At Siege, we generate over $90 million in traffic value for our clients primarily through their blogs.
You read that right.
We dedicate a lot of strategy into the blog design in order to generate the best results for our clients. So, we thought we’d share the wealth.
In this episode of Content & Links, CEO Ross Hudgens breaks down the ultimate guide for all-things blog.
From the blog index to the actual blog post, learn from these best practices to add to your success and content marketing results in 2022 and beyond.
Blog Index Page Best Practices
The first part is the strategy is the hub page for the overall site. This is where we would start and think about design for the hub page or the blog index page.
It’s going to set the framework for the entire thing.
I think a great example of someone doing this very well at the time of this shooting is the Help Scout blog.
Multiple Buyer Personas? Link Out to Relevant Categories
The first thing they do very well is they will uniquely point their buyer personas to the areas that are most interesting to them above the fold.
If you’re in a vertical where there are multiple buyer personas that use your product, in the content section, you’ll often want to direct them appropriately. Because if you blend this content, you’re immediately making 50% of the work visible irrelevant to them.
So, by allowing users to go to Customer Service or Growth & Culture, that in turn will allow them to find only articles that are relevant to their use-case and job, making the overall content experience better.

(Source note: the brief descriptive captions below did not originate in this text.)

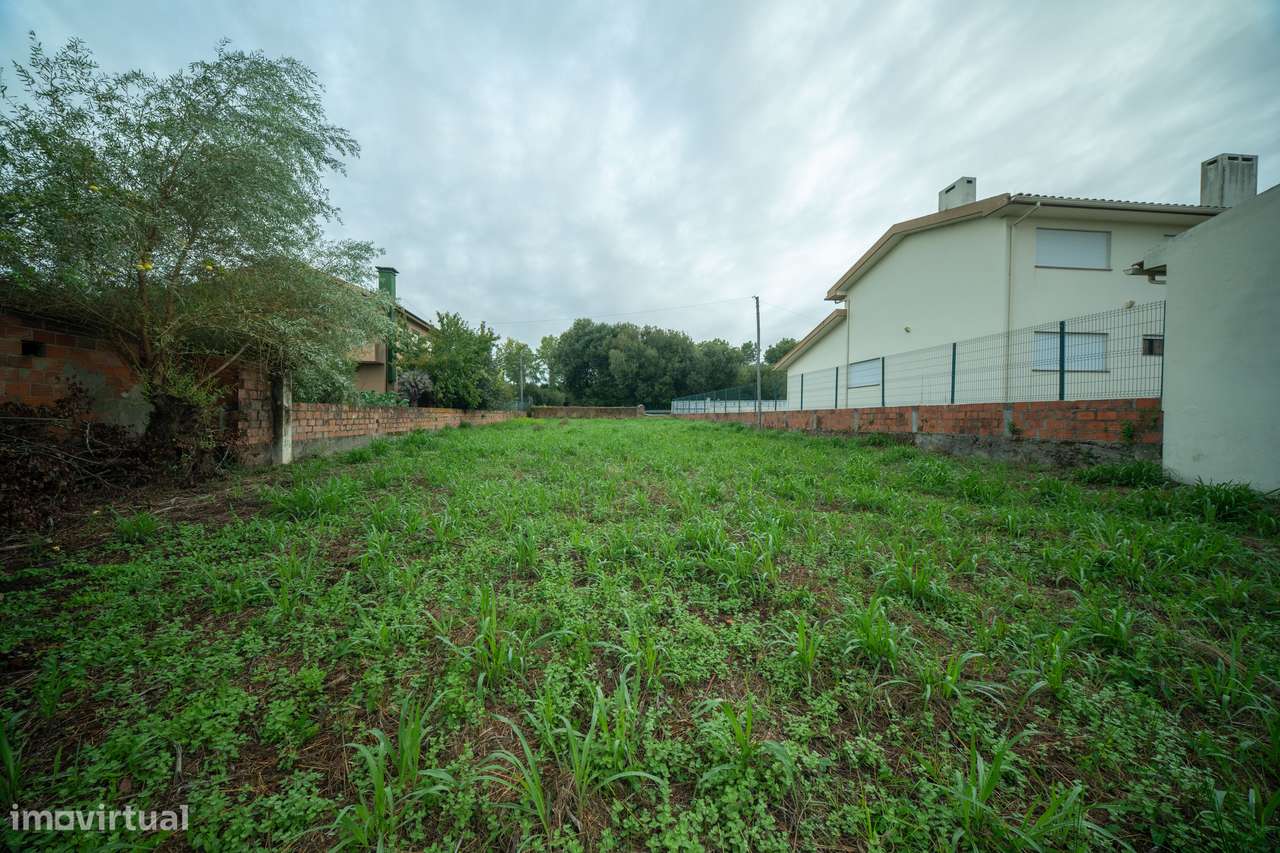 Terreno para venda - Murtosa-6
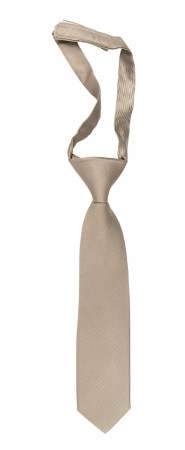Twillie Taupe boy's tie small pre-tied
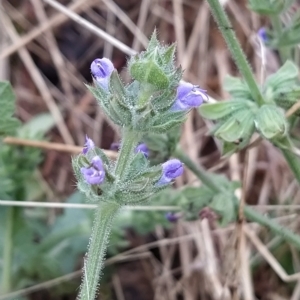 Salvia verbenaca var. verbenaca at Fadden, ACT - 13 Feb 2023 09:09 AM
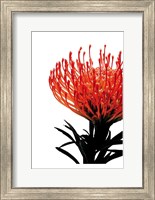 Orange Protea 1 Fine Art Print
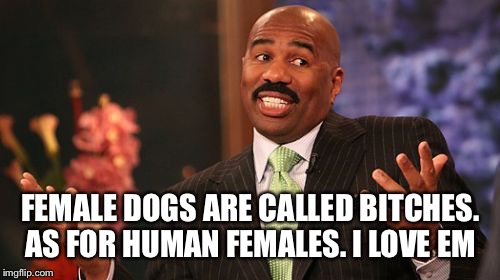 Steve Harvey Meme | FEMALE DOGS ARE CALLED B**CHES. AS FOR HUMAN FEMALES. I LOVE EM | image tagged in memes,steve harvey | made w/ Imgflip meme maker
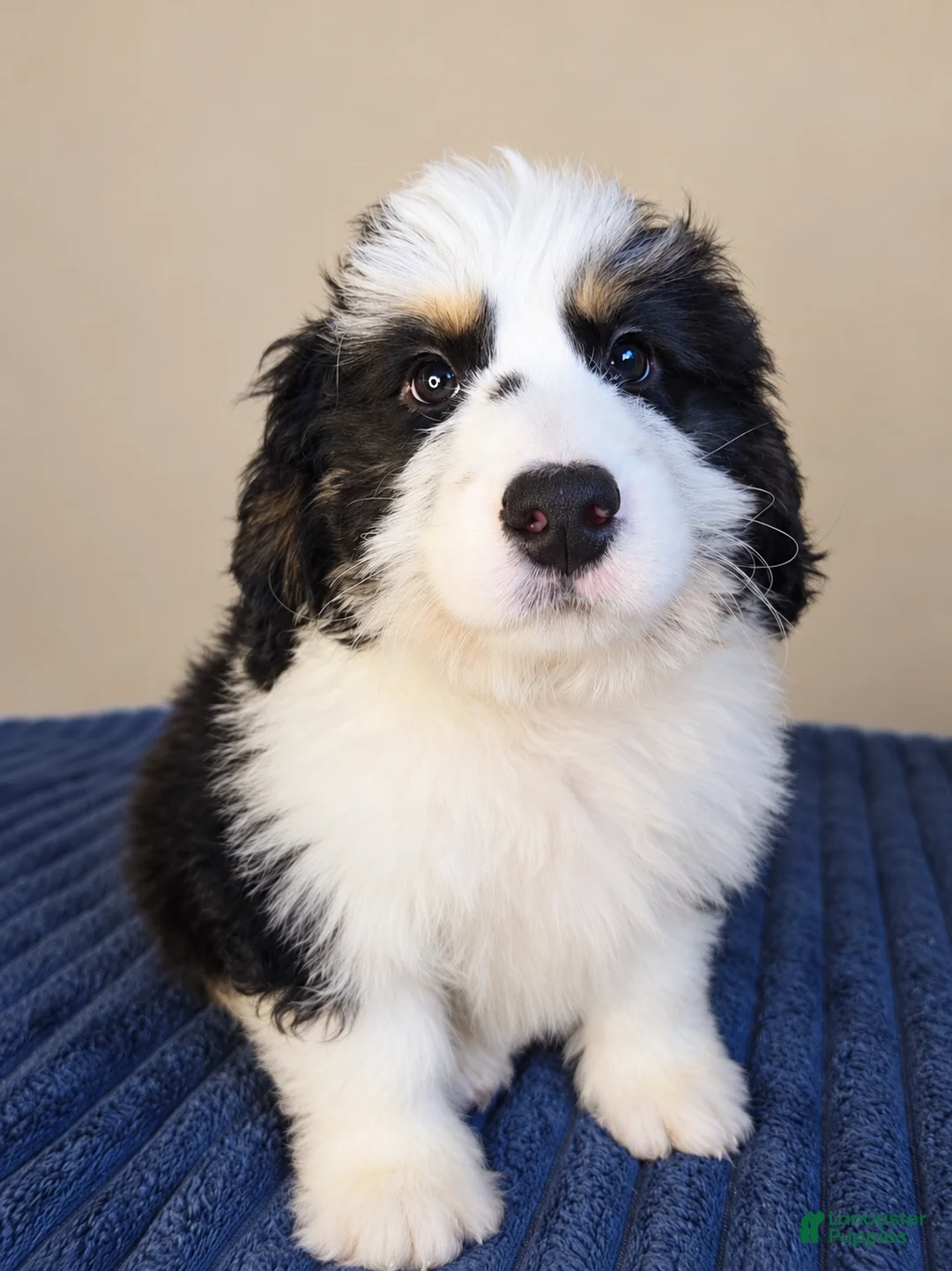 Bernedoodle dogs for sale: Oreo - Ad 2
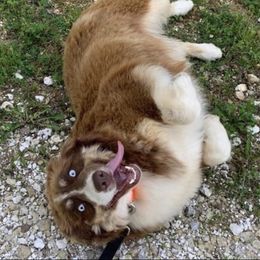 Zona - Australian Shepherd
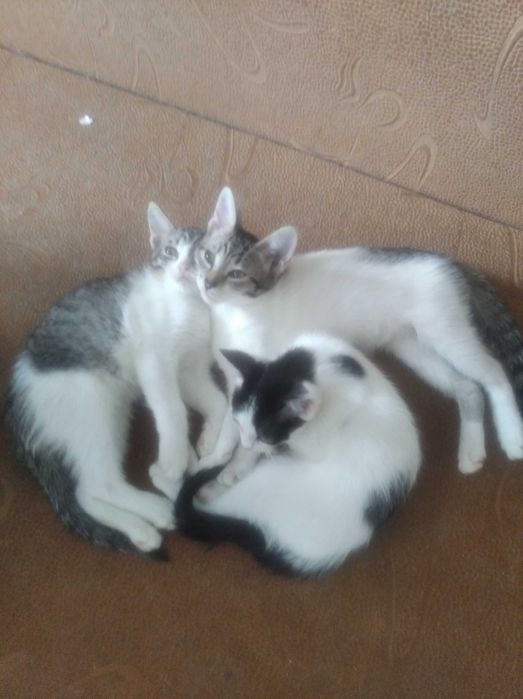 Отдам котят в хорошие руки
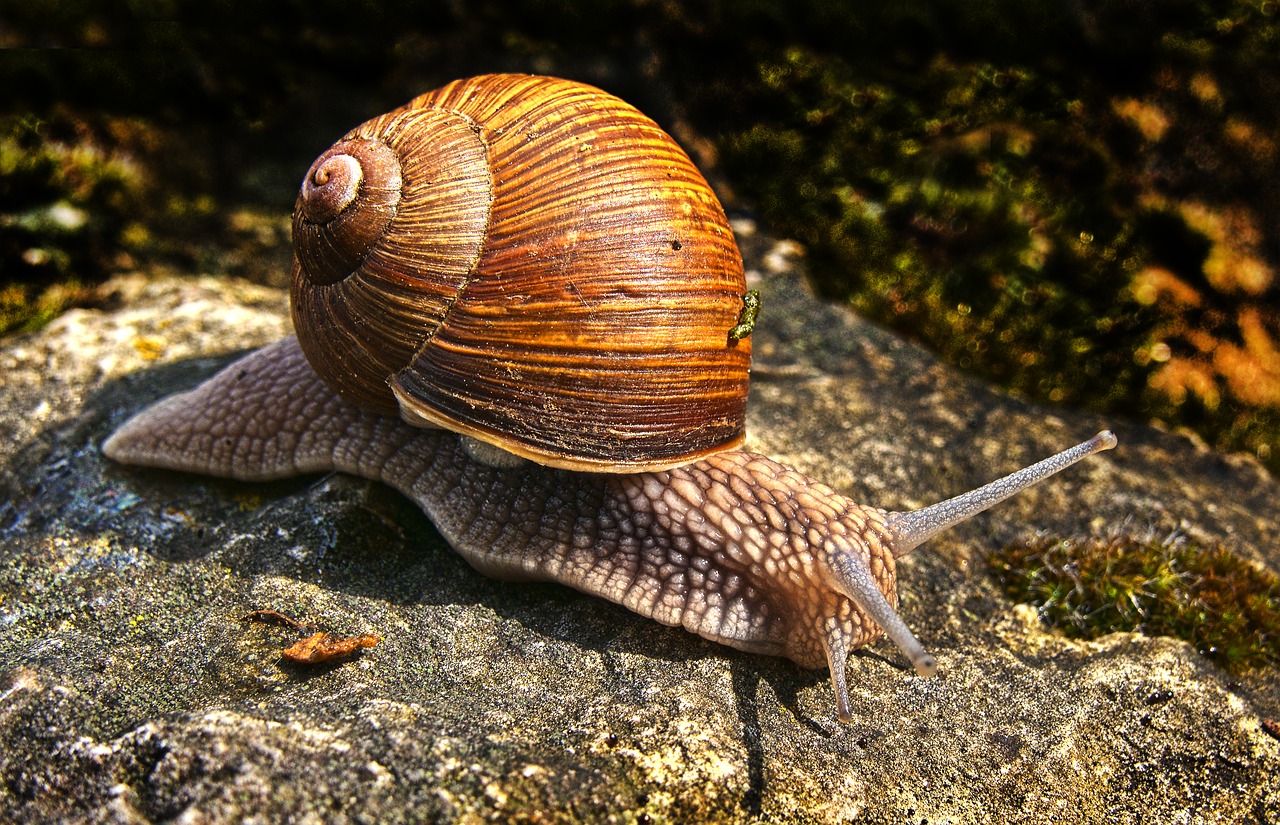 Sraigė,  Bauchfuesser,  Sraigė Lukštais,  Nuskaityti,  Apvalkalas,  Moliuskas,  Iš Arti,  Helix Pomatia,  Mollusca,  Gastropoda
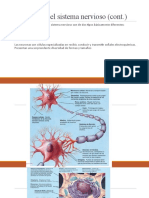 Anatomía Del Sistema Nervioso - Recursamiento - PT 2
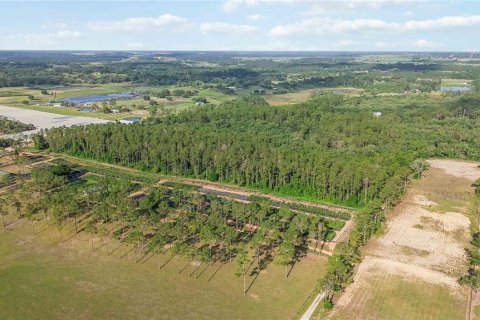Terreno en venta en Howey-in-the-Hills, Florida № 2097345 - foto 10
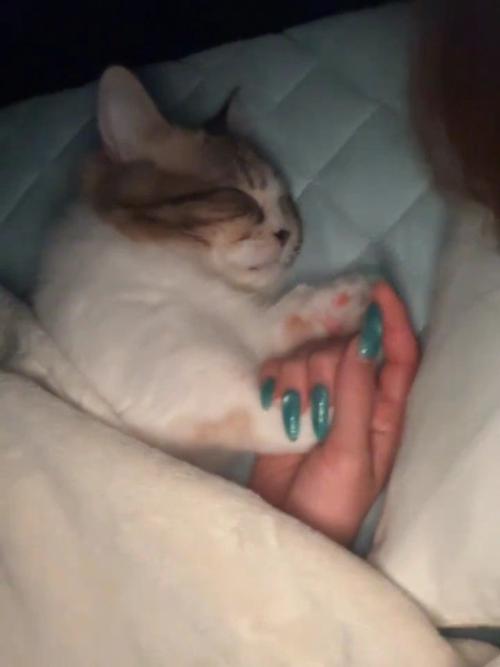 前足を握ってもらう猫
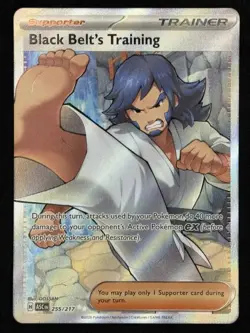 Black Belt's Training 255/217 Ultra Rare Ascended Heroes Pokemon TCG NM+ - Image 1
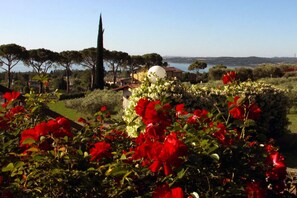 Apartment, 1 Bedroom, Lake View | Garden view - Agriturismo Nonna Bettina (Moniga del Garda)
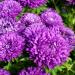 Aster Milady Blue Flowers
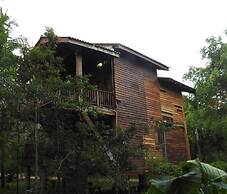 Wilpattu Tree House Hotel
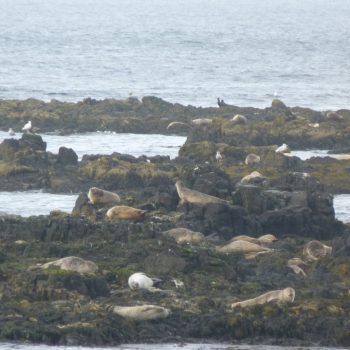 harbour seals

This is a great user-experience best practice if buyer personas are present or if there are multiple buyer personas that are clearly different in your specific market.
Highlight Most Recent Posts for Freshness, Ideally Near the Top
Generally, there are some sections where “most recent” or “recent articles” is listed on a blog.
I think our whole world has changed over time in terms of thinking about blogs–not just as a list of newest to oldest, but what is still relevant for a blog, especially as user-experience is concerned.
So, having some kind of section generally a little closer to the top is a best practice. It’s going to make it feel more up-to-date and it’s smart.
Implement “Curated” Sections to Manually Select Popular SEO Posts
The counterexample is to not only have it be newest to oldest, but have more of a curative selection.
Think of this more as a library rather than a blog post.
This is a great strategy that the Animalz team originally made popular and visible in thinking about how content sections should be organized.
And to that point, a way of thinking about that is a curative section or set of sections where you can manually select articles.
This is a great place to put articles that are converting well or need more of an SEO boost that you want users to see. It will also give these areas more SEO value by being higher in architecture.
All in all, it’s important to have some kind of editorial selection where you can manually create and select articles that are more likely to be seen by the user and in turn, Google as well.
Preview Lists of Several Articles From Each Category
From there, I think a good practice is to have a list of articles from each category that exists on your blog.
Hopefully there aren’t nine million categories, but by going by category you are basically solving for the different user-intents that a reader would have.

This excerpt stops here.